Prompt:
Print the whole listing exactly.

The input:

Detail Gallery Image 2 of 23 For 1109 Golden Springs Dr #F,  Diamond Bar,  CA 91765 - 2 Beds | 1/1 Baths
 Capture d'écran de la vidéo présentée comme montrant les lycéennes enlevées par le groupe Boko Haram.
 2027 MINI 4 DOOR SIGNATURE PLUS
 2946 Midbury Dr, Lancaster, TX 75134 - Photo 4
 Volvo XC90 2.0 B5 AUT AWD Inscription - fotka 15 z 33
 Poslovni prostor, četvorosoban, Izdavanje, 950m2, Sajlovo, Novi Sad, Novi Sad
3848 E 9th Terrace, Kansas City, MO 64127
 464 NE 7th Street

Reply:
Detail Gallery Image 2 of 23 For 1109 Golden Springs Dr #F,  Diamond Bar,  CA 91765 - 2 Beds | 1/1 Baths
 Capture d'écran de la vidéo présentée comme montrant les lycéennes enlevées par le groupe Boko Haram.
 2027 MINI 4 DOOR SIGNATURE PLUS
 2946 Midbury Dr, Lancaster, TX 75134 - Photo 4
 Volvo XC90 2.0 B5 AUT AWD Inscription - fotka 15 z 33
 Poslovni prostor, četvorosoban, Izdavanje, 950m2, Sajlovo, Novi Sad, Novi Sad
3848 E 9th Terrace, Kansas City, MO 64127
 464 NE 7th Street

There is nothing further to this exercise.